COMMERCIAL UNION INSURANCE COMPANY v. Sanford Lee MAULDIN, Collector of the Estate of Kay Mauldin Pugh, Deceased, Tommy Joe Wilmoth and Brenda S. Wilmoth.

No. 8218SC752.

Court of Appeals of North Carolina.

June 7, 1983.

*216 Smith, Moore, Smith, Schell and Hunter by Bynum M. Hunter and Alan W. Duncan, Greensboro, for plaintiff-appellee.

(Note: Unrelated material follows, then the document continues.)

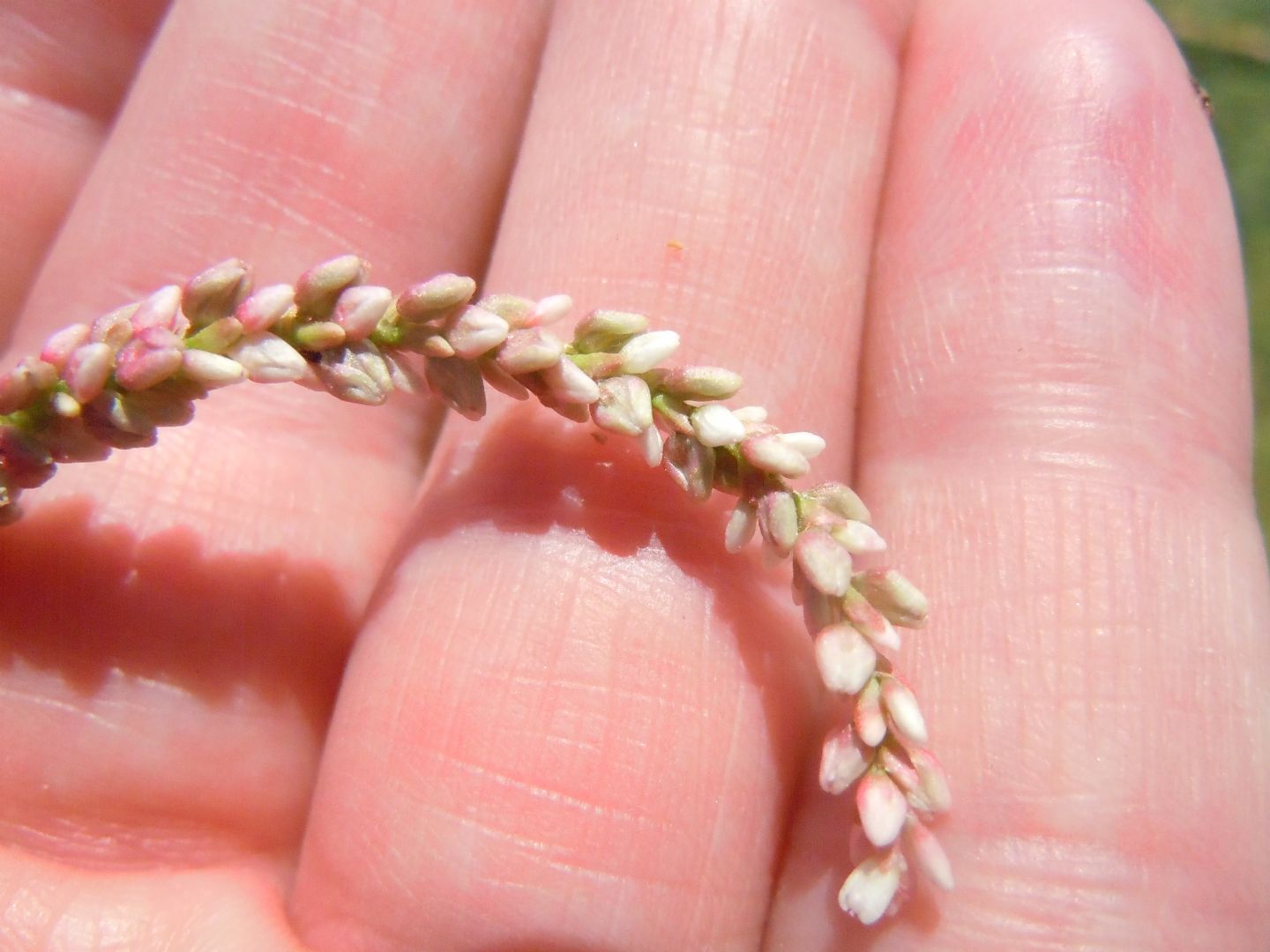 Persicaria maculosa / Poligono persicaria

Nichols, Caffrey, Hill, Evans and Murrelle by G. Marlin Evans and R. Thompson Wright, Greensboro, for defendant-appellant.

VAUGHN, Chief Judge.

The sole issue is whether the trial court erred in finding that Wilmoth was not covered by the homeowner's policy for the claims asserted by Sanford Lee Mauldin. An insurance policy is a contract between the parties and is to be construed and enforced in accordance with its terms. Allstate Insurance Co. v. Shelby Mutual Insurance Co., 269 N.C. 341, 152 S.E.2d 436 (1967). "[I]f the meaning of the policy is clear and only one reasonable interpretation exists, the courts must enforce the contract as written; they may not, under the guise of construing an ambiguous term, rewrite the contract or impose liabilities on the parties not bargained for and found therein." Woods v. Nationwide Mutual Insurance Co., 295 N.C. 500, 506, 246 S.E.2d 773, 777 (1978). There is no ambiguity in the sentence "[This policy does not apply] to bodily injury or property damage which is either expected or intended from the standpoint of the insured." The sentence obviously means that the policy is excluding from coverage bodily injury caused by the insured's intentional acts, determining whether the act is intentional from the insured's point of view.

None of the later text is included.